では、チャート分析は完全に無意味なのか?
著者は3つの使い方を推奨しています。
(1) 過去の市場動向の理解
- 例えば、小泉政権時代のバブル的な上昇は、衆議院解散と明らかにリンクしている。
- 市場のムードの変化を客観的に捉えるためにチャートは有用。
(2) 投資のアイデアを引き出す
- FRB議長アラン・グリーンスパンは、毎日チャートを確認し、そこから仮説を立てていた。
- チャートの動きから市場の兆候を察知し、ファンダメンタルズ分析で裏付けを取る手法。
(3) 自身の行動をチェックし、規律を保つ
- 感情に流されず、機械的にトレードルールを適用する。
- 損切りや利確を感情ではなくルールで決めるための指標として活用。
4. 円安・円高は国力を反映するのか?
著者は「円安=日本の国力低下」という見方は完全に誤りであると断言します。
- 国力とは何か?
- 軍事力?経済規模?経済成長率?明確な定義がない。
- これらと為替の間に直接的な相関関係はない。
- 通貨の価値は何で決まるのか?
- 短期的には金利差が最も影響を与える。
- 長期的には購買力平価(PPP)が作用する。
- 購買力平価に基づくと、円安は一時的なもので、長期的には修正される可能性が高い。

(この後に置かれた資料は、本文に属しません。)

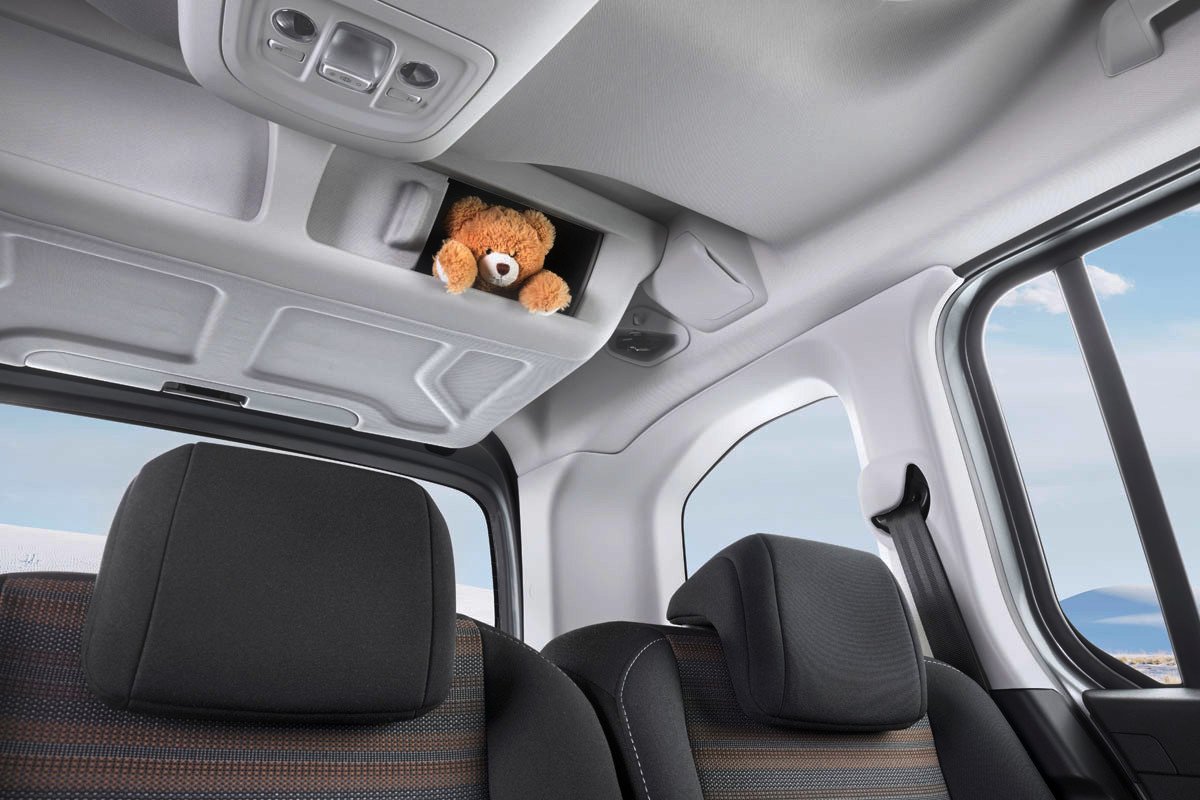 Nuevo Opel Combo Life: 6 razones para comprarlo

- 1980年代までは輸入による円安圧力の方が強かったが、近年は金利差の影響が大きい。
- 為替予測は株の予測よりも難しい。
- 予測に頼るのではなく、通貨分散などのリスク管理を行うのが賢明。
まとめ:投資の世界は常に変化する
本書を通じて得られる最大の教訓は、「投資の世界に絶対的な正解はない」ということです。
- 市場は非効率でありながら効率的でもある。
- チャート分析は万能ではないが、適切に活用すれば有用なツールとなる。
- 為替の動きは単純な法則では説明できない。
もし投資初心者なら、まずはインデックス投資を基本にしながら、こうした市場の本質を学ぶのが良いでしょう。本書は、情報に惑わされず自分の投資哲学を確立したい人にとって必読の一冊です。